The report states that Agriculture Universities irregularly upgraded 10 senior technical assistants in SKUAST-J and 45 STAs in SKUAST-K, to entry-level UGC pay scales of assistant professors.
“Even the requirement of two years of service arbitrarily fixed by the Universities for up-gradation was not followed as one STA of SKUAST-K was prematurely designated (February 1998) as an assistant professor after completing only four months of service as STA which led to further future up-gradations and resulted in excess payment of ₹0.30 crore. Further, one STA in SKUAST-K was placed in the next higher pay scale before the successful completion of probation. As a result, he was prematurely designated as an assistant professor, leading to further placement in higher scales under CAS. This had resulted in excess payment of Rs 0.26 crore,” the report further states.
The CAG has observed that by upgrading non-teaching staff to teaching positions, the Agriculture Universities had restricted competition and denied opportunities to aspiring meritorious candidates to apply for teaching posts, and compromised quality of teaching in such cases as minimum standards prescribed for appointment of teachers had not been maintained.
The audit also noticed that the Universities had compromised the standards for assessment of research achievements of candidates claiming promotion to the post of professors by diluting the criteria of quality and number of research publications.
“Against the requirement of five publications for professors, the Universities stipulated a requirement of only three publications. Submission of publications for assessment of eminent experts before the interview was also not ensured by the Universities. The Universities had thus avoided the methodology prescribed in the UGC regulations for CAS, which defeated the purpose of PBAS,” the report states.
It further says the move rendered the promotion of 122 associate professors (62 in SKUAST-J and 60 in SKUAST-K) to professors in the Universities irregular.
The audit noticed cases of premature placements in the next higher grade pay without completion of prescribed residency periods. “Against the minimum residency period of five years required for placement in the next higher grade pay of ₹8,000, 17 assistant professors (SKUAST-J: 05; SKUAST-K: 12) were placed (between August 2010 and July 2017) in the higher grade and designated as associate professors prematurely after completing service ranging between two years and four years eight months only,” the report states.
Audit scrutiny of service records of 557 non-teaching employees out of a total of 1,794 revealed cases of recruitments through regularisation of adhoc/contractual employees, appointments without qualifying mandatory tests, direct recruitments to posts required to be filled through promotion, lateral entry to posts prescribed to be filled through direct recruitment etc.
“Audit noticed that out of 557 cases checked in audit, 112 (SKUAST-J: 31; SKUAST-K: 81) personnel were initially engaged (between March 1992 and November 2010) either on adhoc or contractual basis for a period of 89 days.

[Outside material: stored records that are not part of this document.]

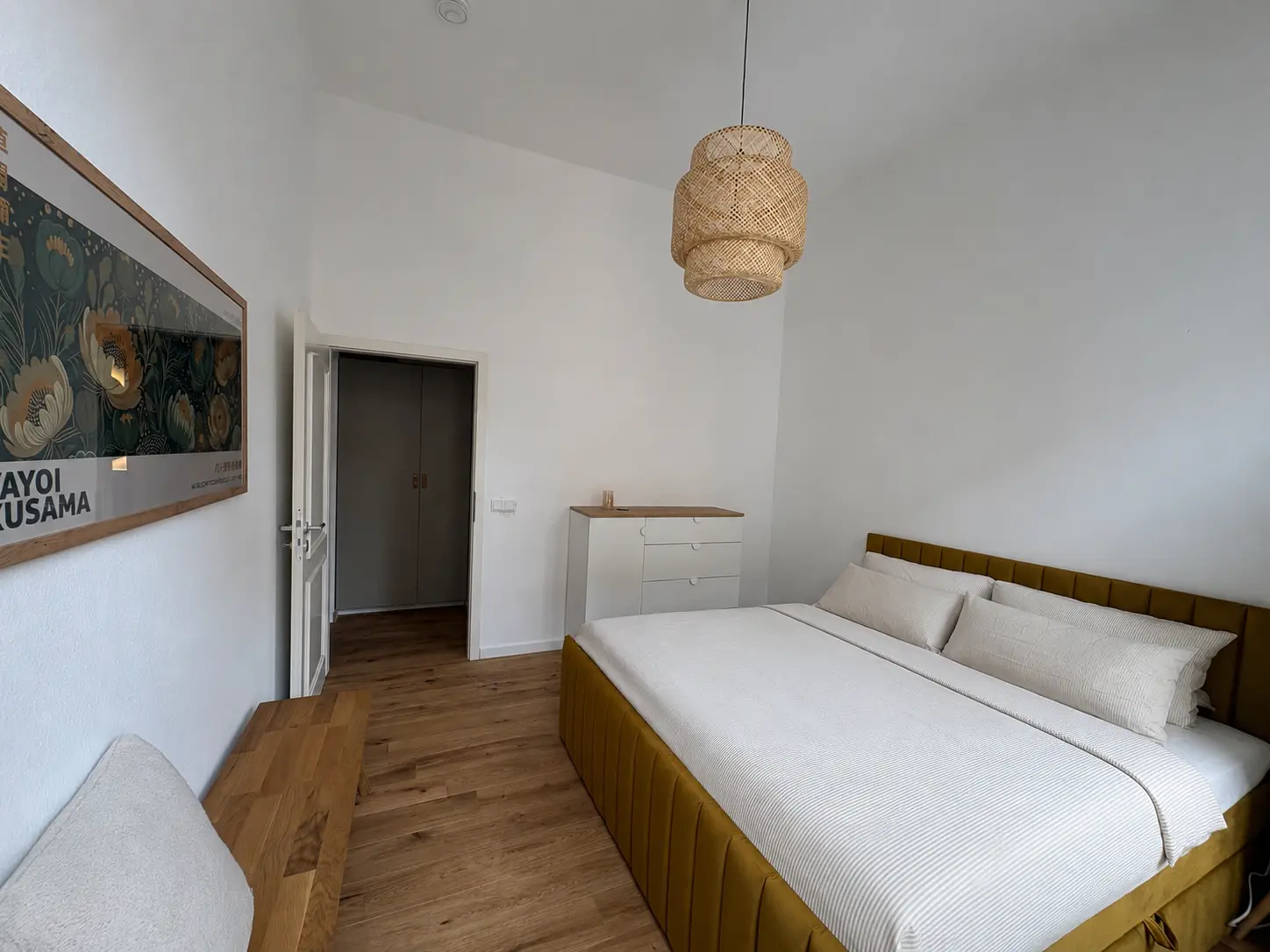 Schlafzimmer der Ferienwohnung in der Helgolandstrasse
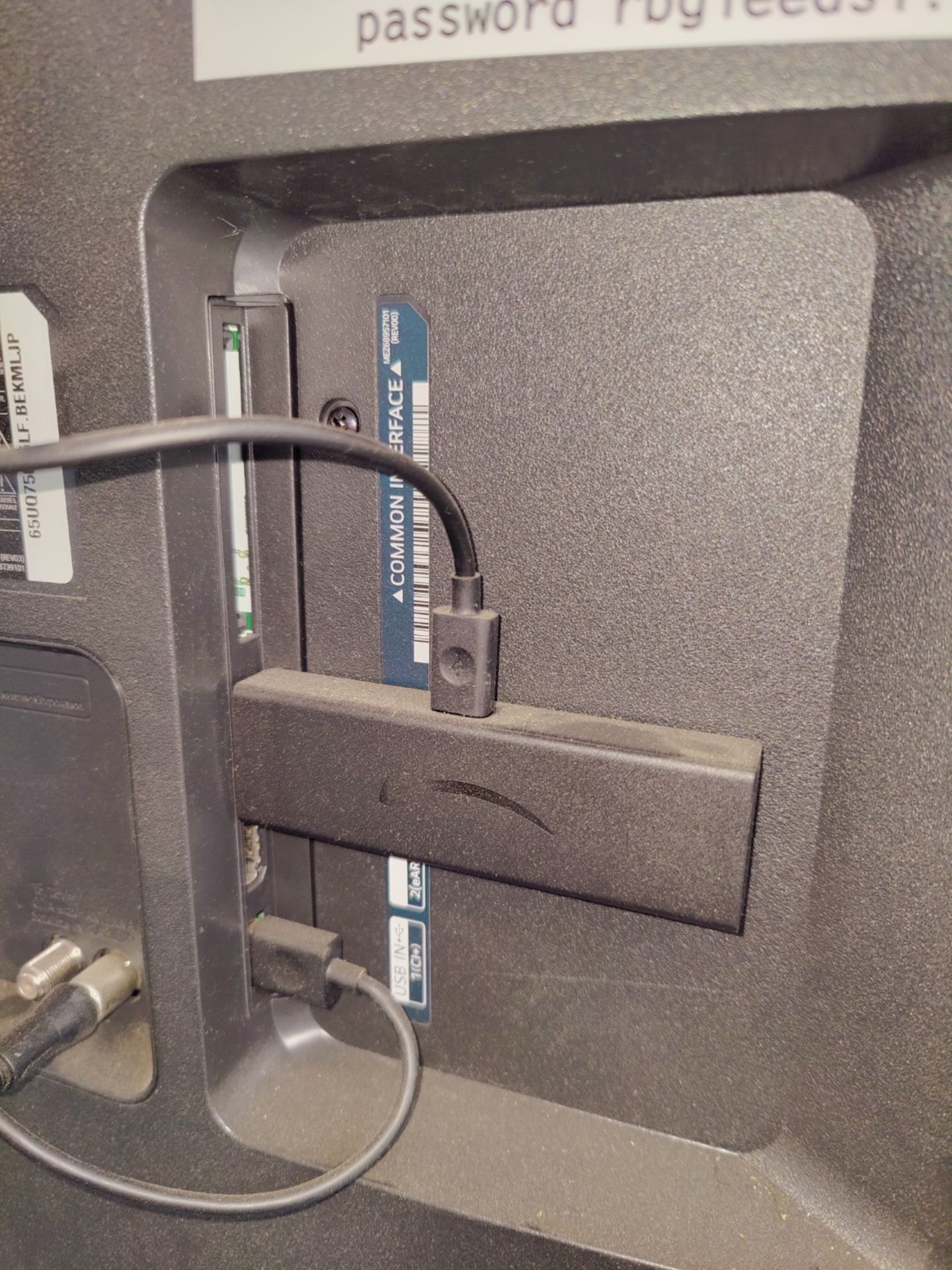 1 x LG 65 Inch 4K Smart Television with Stand, Aria and Fire Stick - Spares or Repairs - Image 5 of 6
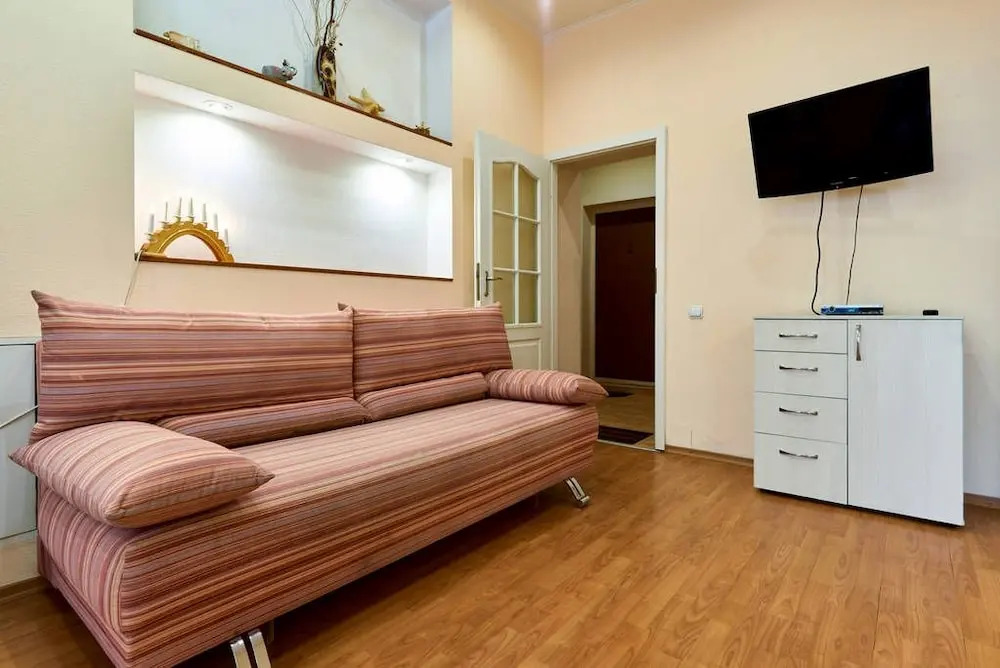 Апартаменты Home-Hotel, ул. Волошская, 51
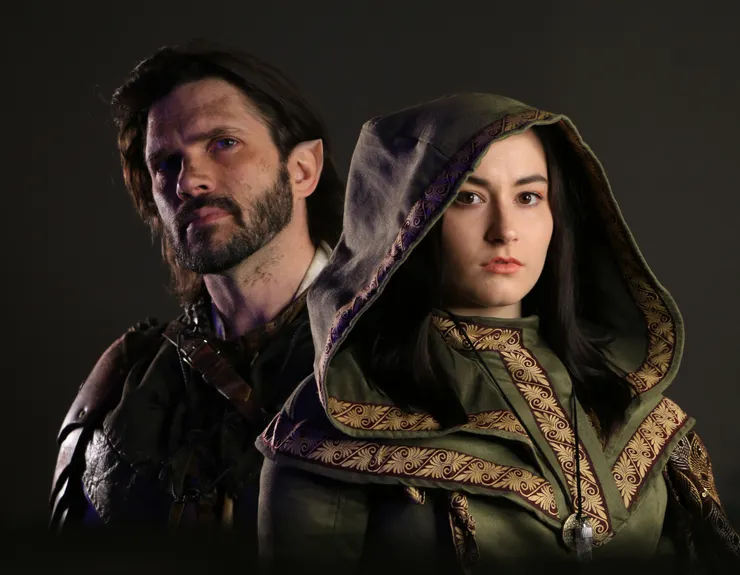 即使是在攝影棚中拍攝的角色定裝照中，第一世代的項鍊也不是很顯眼。(圖片來源:Evermore Park, Pleasant Grove, UT. Facebook )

The period of their engagement was extended from time to time. These adhoc/contractual employees were regularised (2015) without advertising the post,” the report states.
The auditor has also pointed towards the dearth of manpower, both teaching and non-teaching, in Agriculture Universities of J&K.
“In SKUAST-J, the shortfall ranged between 26 and 33 percent under the teaching category and 19 and 26 percent under the non-teaching category during the period. Similarly, shortage of manpower in SKUAST-K ranged between 22 and 33 percent under the teaching category and 29 and 32 percent under the non-teaching category during 2016-21,” the report states.